* [WHAT IS REQUIRED]
Below is a listing. Copy each line of it that holds the word "Price".

* [DATA SUPPLIED]
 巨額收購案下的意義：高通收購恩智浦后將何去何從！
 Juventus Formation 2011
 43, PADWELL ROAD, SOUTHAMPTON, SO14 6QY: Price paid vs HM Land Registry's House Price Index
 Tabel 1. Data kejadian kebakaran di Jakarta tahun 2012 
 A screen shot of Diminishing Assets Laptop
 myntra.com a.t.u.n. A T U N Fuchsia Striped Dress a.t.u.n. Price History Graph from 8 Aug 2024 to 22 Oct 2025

* * *

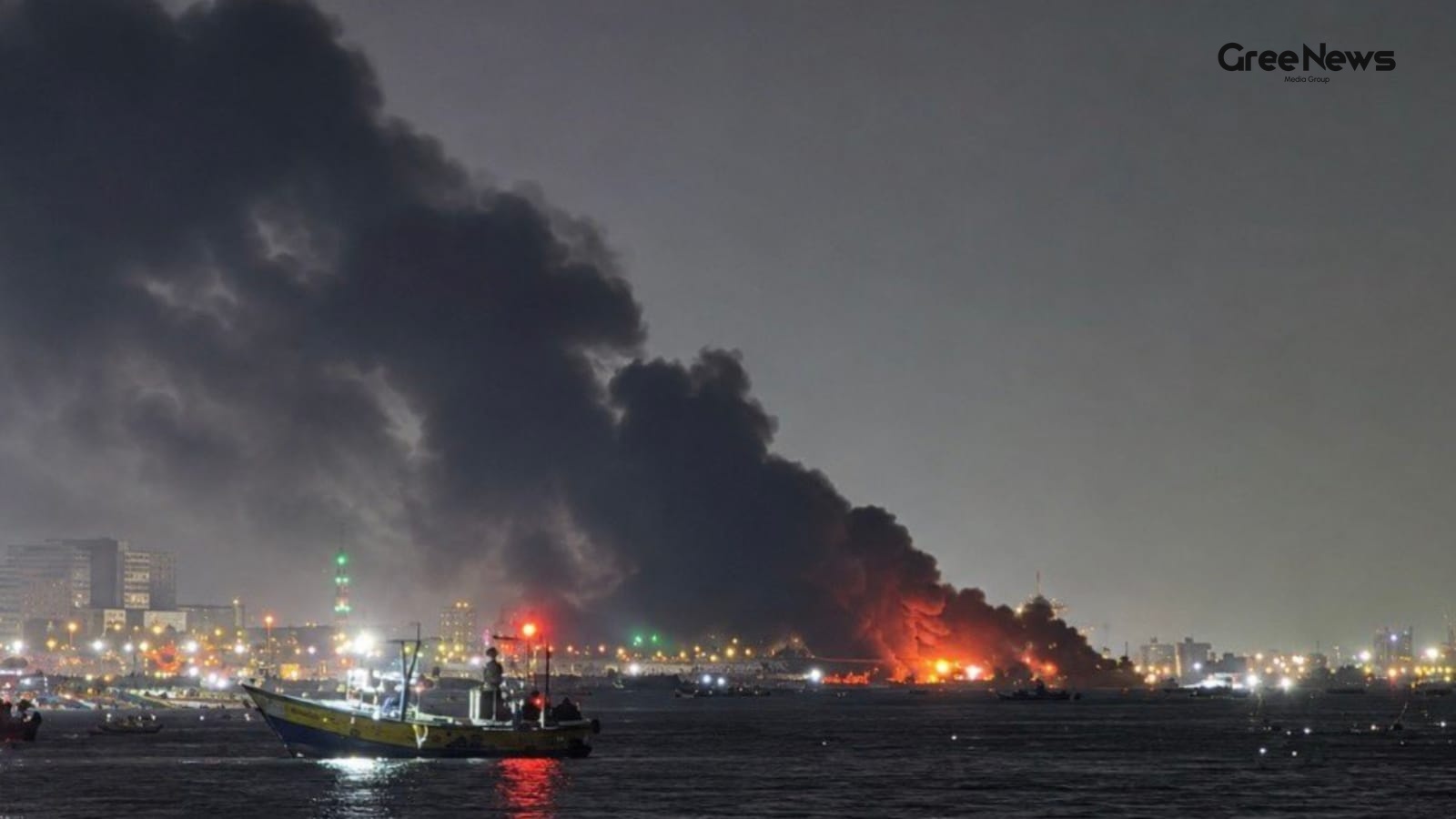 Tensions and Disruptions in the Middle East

* [FINISHED EXERCISE]
 43, PADWELL ROAD, SOUTHAMPTON, SO14 6QY: Price paid vs HM Land Registry's House Price Index
 myntra.com a.t.u.n. A T U N Fuchsia Striped Dress a.t.u.n. Price History Graph from 8 Aug 2024 to 22 Oct 2025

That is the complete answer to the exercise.